Jordan Wallace-Wolf also joins the faculty as an assistant professor of law. He is a graduate of the law and philosophy programs at UCLA, where he earned a J.D. from the law school and a Ph.D. from the philosophy department. His main area of research concerns the distinction between what is private and what is public and the significance of this distinction for law and morality. His dissertation, Mental Privacy, argues that persons have an important privacy interest in their thoughts that warrants legal recognition.

Wallace-Wolf’s recent scholarship discusses the protection of anonymity under the First Amendment and the justification for the principle that no one may be punished for their thoughts.

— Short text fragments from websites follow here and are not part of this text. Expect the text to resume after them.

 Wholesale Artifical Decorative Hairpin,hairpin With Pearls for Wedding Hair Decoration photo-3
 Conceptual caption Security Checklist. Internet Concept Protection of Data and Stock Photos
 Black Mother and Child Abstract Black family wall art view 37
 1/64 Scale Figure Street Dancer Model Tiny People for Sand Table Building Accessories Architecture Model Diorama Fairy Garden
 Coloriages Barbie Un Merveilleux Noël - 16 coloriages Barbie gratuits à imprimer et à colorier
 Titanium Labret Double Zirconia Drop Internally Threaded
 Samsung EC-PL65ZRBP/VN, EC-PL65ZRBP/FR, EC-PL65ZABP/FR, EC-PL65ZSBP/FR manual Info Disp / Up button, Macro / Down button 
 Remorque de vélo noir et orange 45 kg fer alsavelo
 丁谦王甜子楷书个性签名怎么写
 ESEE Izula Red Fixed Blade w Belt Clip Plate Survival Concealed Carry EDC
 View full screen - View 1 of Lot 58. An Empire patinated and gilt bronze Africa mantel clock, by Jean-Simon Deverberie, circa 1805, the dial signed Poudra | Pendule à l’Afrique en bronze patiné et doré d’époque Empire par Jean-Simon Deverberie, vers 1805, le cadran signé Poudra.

In teaching, he focuses on giving students the tools to untangle difficult legal problems and find enjoyment in earnest intellectual effort.

Harry Lah joins the faculty as an assistant professor of law librarianship. He is the library’s Collections Management Librarian. He joined the law library staff in 2019 while pursuing his J.D.

Prior to entering law school, Lah gained extensive experience in librarianship and archiving during his employment with the Arkansas State Library, the Arkansas State Archives, and the Riley-Hickingbotham Library at Ouachita Baptist University. He also played an active and contributing role in the re-establishment and rededication of the archiving and organization of the papers of the late Senator John L. McClellan at Ouachita Baptist University. He served as a panelist at the 2018 conference of the American Society of Archivists in Washington, D.C., highlighting his work on the digitization and historical preservation of the Rohwer Japanese Internment Camp in McGehee, Arkansas.

“We are excited to welcome these new professors,” said Dean Theresa Beiner. “They will have a positive impact on our students’ experiences at Bowen and their future legal careers.”